The DOL’s Proposed Rule includes:

  • Increasing the salary threshold for workers to qualify for one of the exemptions to $679 per week ($35,308 annually)—a substantial increase from the current salary level of $455 per week ($23,660 annually), which was set in 2004;
  • Updating the annual minimum compensation for highly compensated employees from $100,000 to $147,414; and
  • Allowing employers to use nondiscretionary bonuses and incentive payments (including commissions) that are paid annually or more frequently to satisfy up to 10 percent of the standard salary level. This payment may be made during the course of the year or, if needed, in one final payment during the next pay period after the end of the year, but will count only toward the prior year’s salary.

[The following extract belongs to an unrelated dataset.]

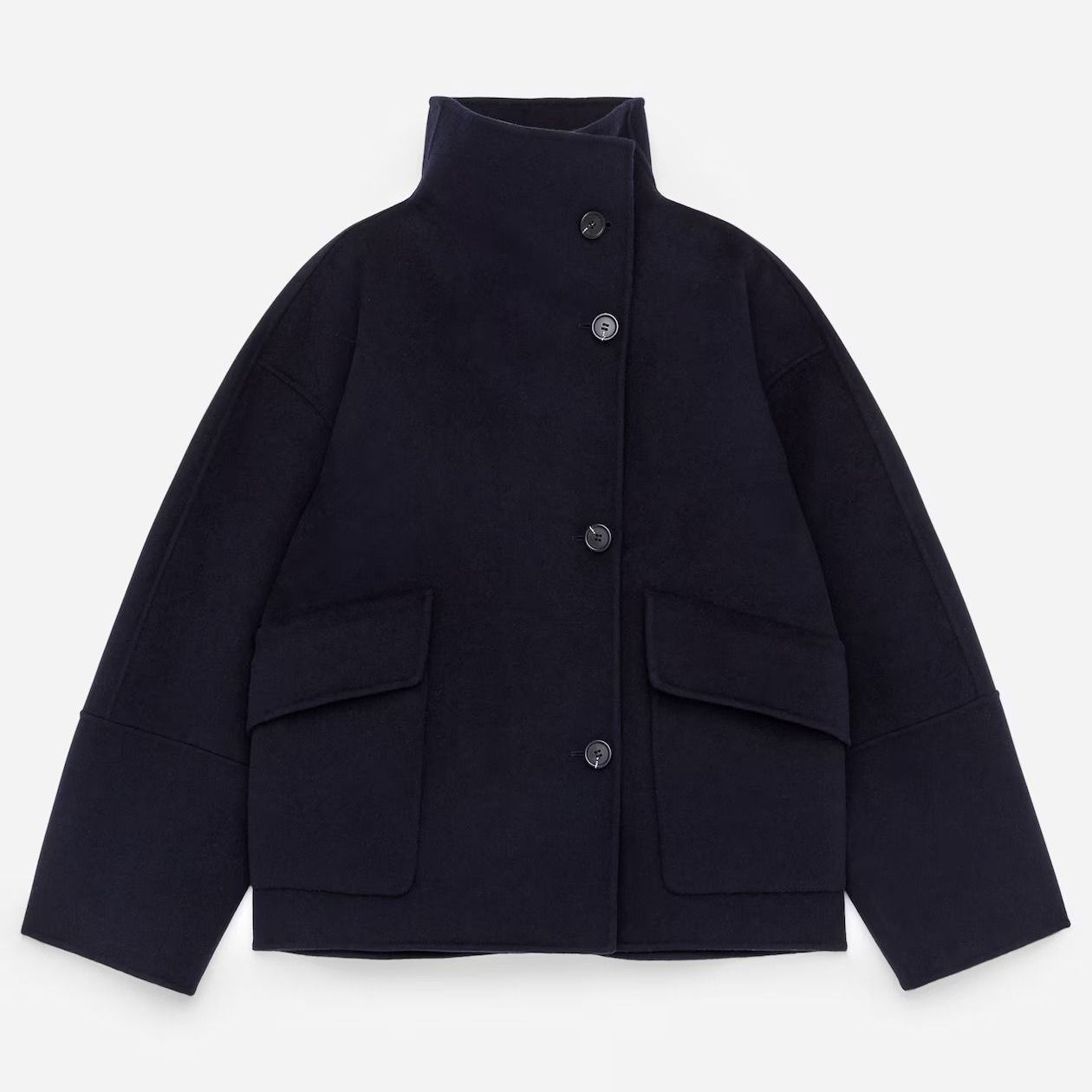 Pocket Casual Single-breasted Coat Solid Color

While the Proposed Rule does not provide for automatic periodic updates—previously a topic of debate—the DOL indicated that it intends to propose increases to the threshold every four years.

The Proposed Rule reads as a compromise from the current thresholds and the thresholds the Obama administration proposed in 2016—$47,476 (for the salary minimum) and $134,004 (for the “highly compensated employee” annual minimum). The DOL indicated that it expects the proposed changes to impact more than one million employees.

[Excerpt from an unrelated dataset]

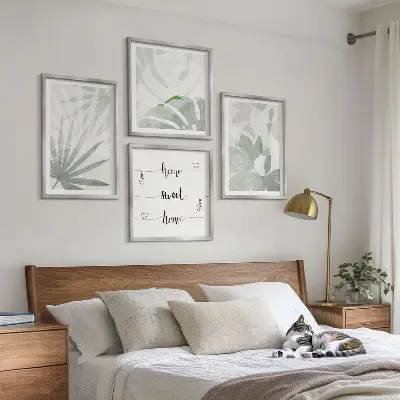 Set de cuadros modernos para salón hojas de plantas en tono gris verdoso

The Proposed Rule does not require employers to take any action at this point. Instead, the Proposed Rule must follow the federal rulemaking process, including a 60-day period for public comment, followed by an additional period during which the DOL will digest the comments and decide whether to make any changes. While this process unfolds, employers should consider the following steps—many of which employers may already have undertaken in connection with the 2016 changes:

  • Examine pay practices to identify whether any currently exempt employees might lose that status if the proposed salary thresholds are adopted;
  • Consider whether to increase the salaries of affected employees to preserve their exempt status and/or reclassify them as non-exempt;
  • Examine pay practices to confirm that non-exempt employees continue to meet the duties test (which is not changing, but remains essential to exempt status); and
  • Consider whether to submit comments to the DOL expressing opinions regarding possible changes to the Proposed Rule.
  1. In November 2016, U.S. District Judge Amos Mazzant blocked the rule from taking effect, finding that the DOL had overstepped its authority by increasing the salary limit so dramatically and by basing the exemption exclusively on salary. On November 6, 2017, the U.S. Court of Appeals for the Fifth Circuit held the appeal in abeyance pending further rulemaking regarding a revised salary threshold. With the 2016 rule enjoined, the DOL has consistently enforced the 2004 level throughout the last 15 years.